### Assigned task
Before copying, set the pictures aside; then repeat every line below verbatim.

Top of Records

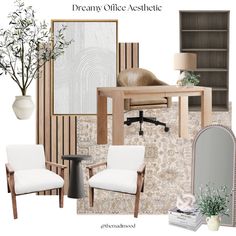 a living room design board with furniture and decor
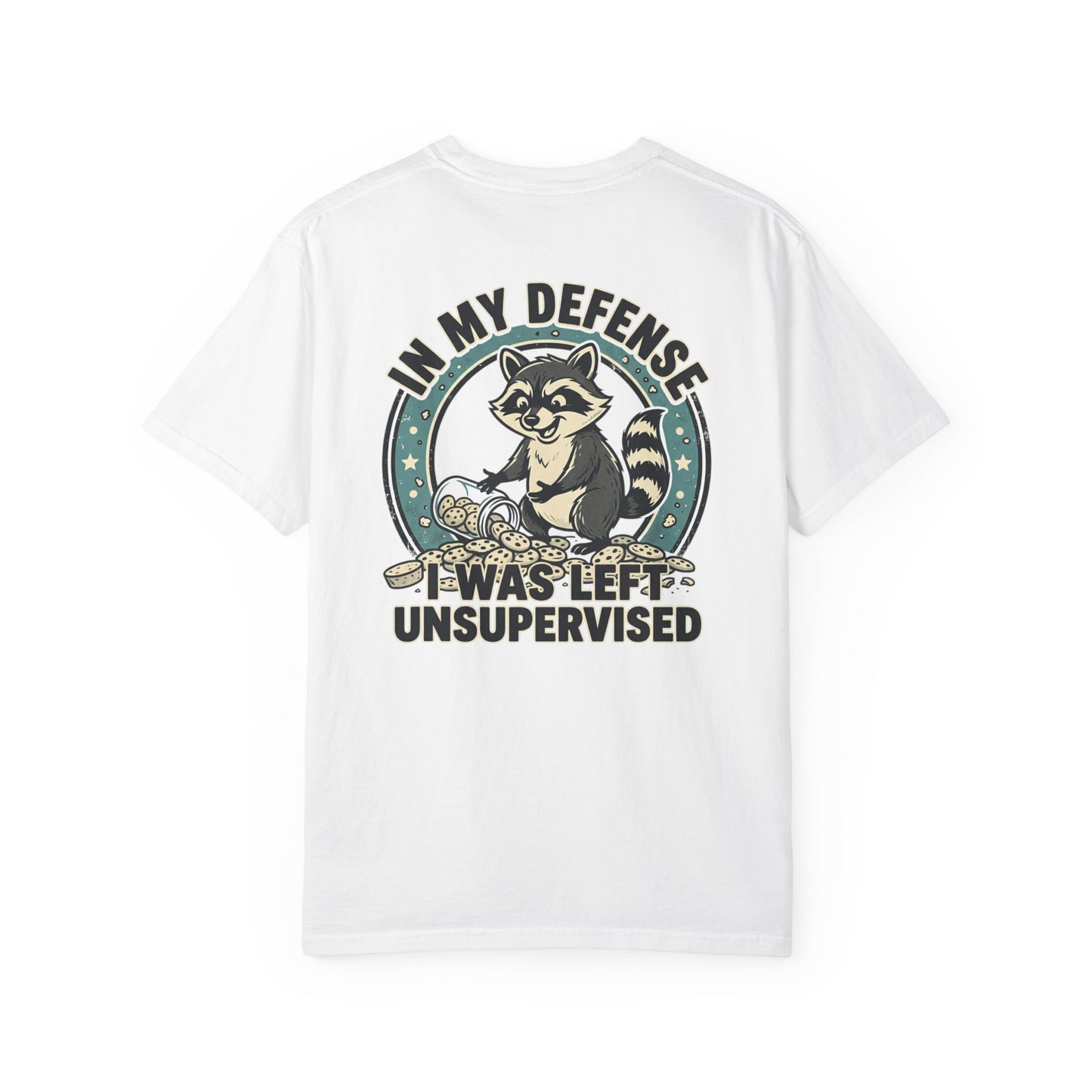 Funny Raccoon T-Shirt – “In My Defense I Was Left Unsupervised” Graphic Tee | Cute Chaos Humor Shirt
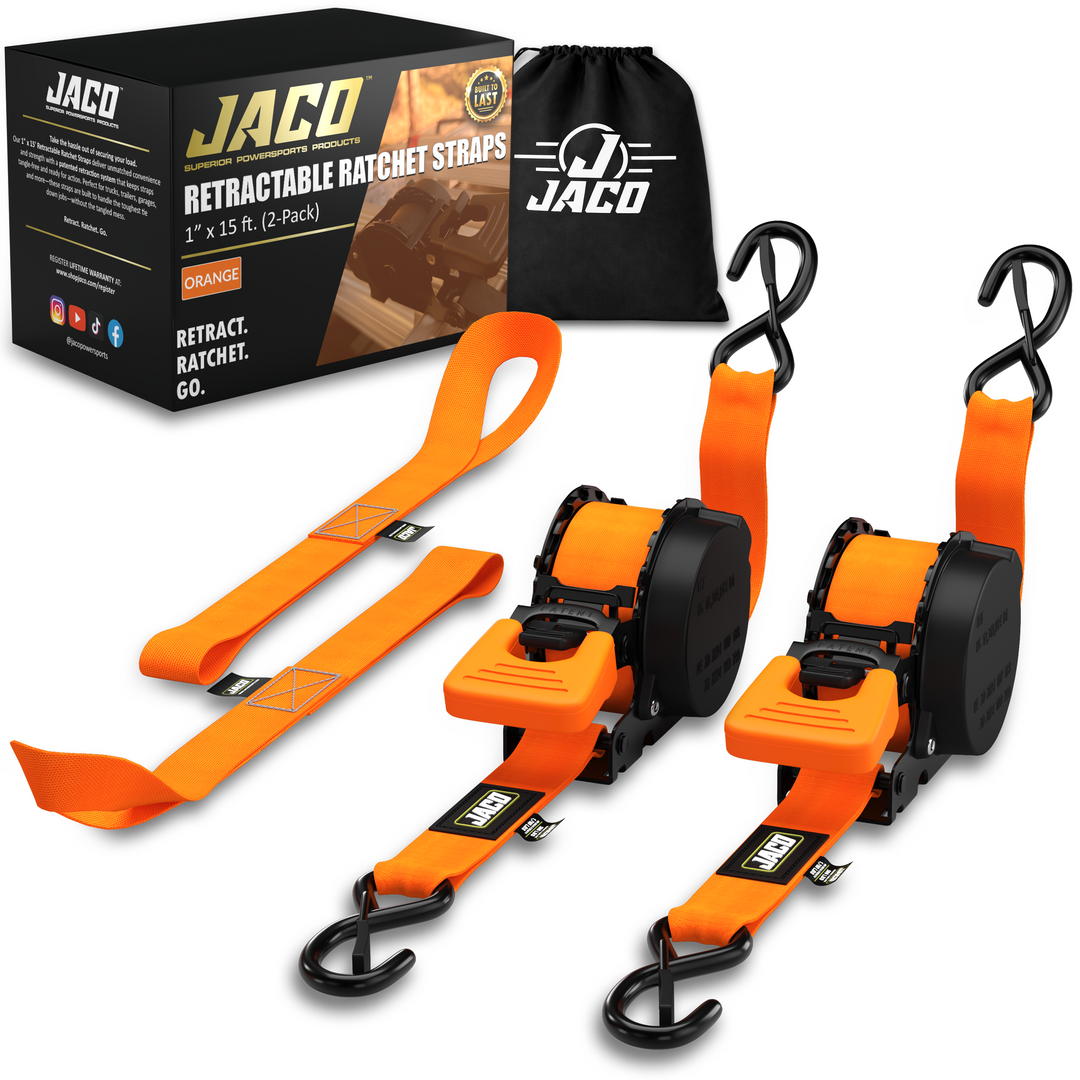 Retractable Ratchet Straps - 1" x 15 ft (1,760 lbs Break Strength) | Auto Self Retracting Cargo Tie Down Strap Set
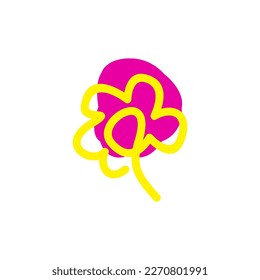 hand drawn flower logo that is pink and yellow.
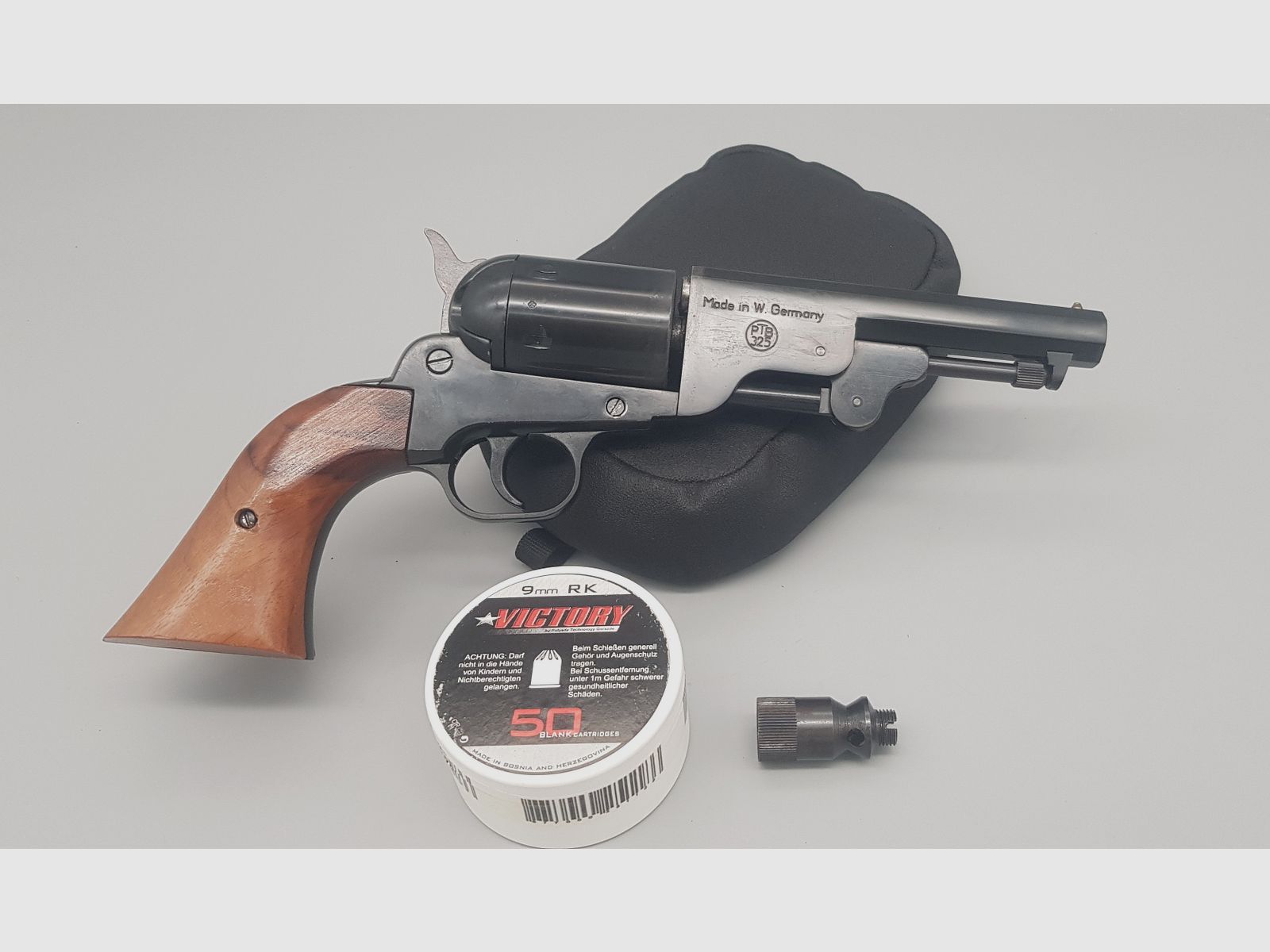 Reck Mod. Army Cal. 380 K 9mm RK Single Double  Action Schreckschuss SRS Western  Revolver PTB 325  sehr selten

Bottom of Records

### Solution for this problem
 a living room design board with furniture and decor
 Funny Raccoon T-Shirt – “In My Defense I Was Left Unsupervised” Graphic Tee | Cute Chaos Humor Shirt
 Retractable Ratchet Straps - 1" x 15 ft (1,760 lbs Break Strength) | Auto Self Retracting Cargo Tie Down Strap Set
 hand drawn flower logo that is pink and yellow.
 Reck Mod. Army Cal. 380 K 9mm RK Single Double  Action Schreckschuss SRS Western  Revolver PTB 325  sehr selten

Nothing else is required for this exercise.